The ADF lawsuit says a few of Josephson’s colleagues complained to the university and demanded the school take disciplinary action. The lawsuit says the school demoted Josephson to the role of a junior faculty member. (A spokesman for the University of Louisville declined to comment on the case.)
In February 2019, school officials told Josephson they wouldn’t be renewing his contract. ADF attorneys say Josephson had received perfect marks on his performance reviews in the three years leading up to his visit to Heritage.
The ADF lawsuit challenges the University of Louisville’s actions as violations of Josephson’s free speech. The group’s website says school officials acted against the professor “with an eye to ensuring that neither he nor anyone else dares to express viewpoints they find objectionable on medical and psychiatric issues.”

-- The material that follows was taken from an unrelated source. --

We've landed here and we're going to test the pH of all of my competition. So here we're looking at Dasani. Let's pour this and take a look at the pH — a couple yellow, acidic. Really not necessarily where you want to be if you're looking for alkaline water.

Expect that pattern to continue.
When Brown University researcher Lisa Littman authored a study exploring a phenomenon known as rapid-onset gender dysphoria, activists quickly convinced editors at PLOS One, the academic journal that published the research, to reconsider it.
Months later, Littman successfully resubmitted the study without substantial changes. The study’s republication got little publicity, and it likely serves as more of a warning than a vindication: Professionals who challenge transgender activism on the basis of medical science or moral persuasion are subject to swift retribution.

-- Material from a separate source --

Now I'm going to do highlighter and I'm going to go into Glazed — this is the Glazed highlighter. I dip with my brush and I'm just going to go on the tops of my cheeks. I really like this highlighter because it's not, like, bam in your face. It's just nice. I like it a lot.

The professionals I’ve spoken with say they want to promote the good of the children they treat. They’re alarmed to see physicians encouraging children to pursue life-altering, often-permanent changes to their bodies instead of examining mental health issues that could be causing distress.
And they’re alarmed to note how many physicians and psychologists agree with them, but won’t speak up for fear of public shaming.

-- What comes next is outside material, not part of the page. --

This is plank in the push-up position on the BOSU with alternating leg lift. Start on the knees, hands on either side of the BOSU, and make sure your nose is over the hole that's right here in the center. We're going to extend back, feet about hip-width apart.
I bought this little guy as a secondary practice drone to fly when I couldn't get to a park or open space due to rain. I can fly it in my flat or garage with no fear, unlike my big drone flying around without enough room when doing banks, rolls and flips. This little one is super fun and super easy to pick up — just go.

But the real shame comes with a failure to speak up for vulnerable children.
I’m deeply concerned about a population of unprotected children who are being led down a path that even secular physicians can see is contrary to medical sense.
I don’t write about this issue because it’s the kind of low-hanging fruit that shows the swift decline of a darkening culture. I write about it because I’m deeply concerned about a population of unprotected children who are being led down a path that even secular physicians can see is contrary to medical sense.
And as a Christian, I’m concerned to see children and teenagers being led away from the God who made them in His image.
These aren’t popular messages, and they won’t win popular praise, but let’s hold on to the hope of what Josephson told me two years ago, long before his current troubles began:
“It might not be too late because truth still matters.”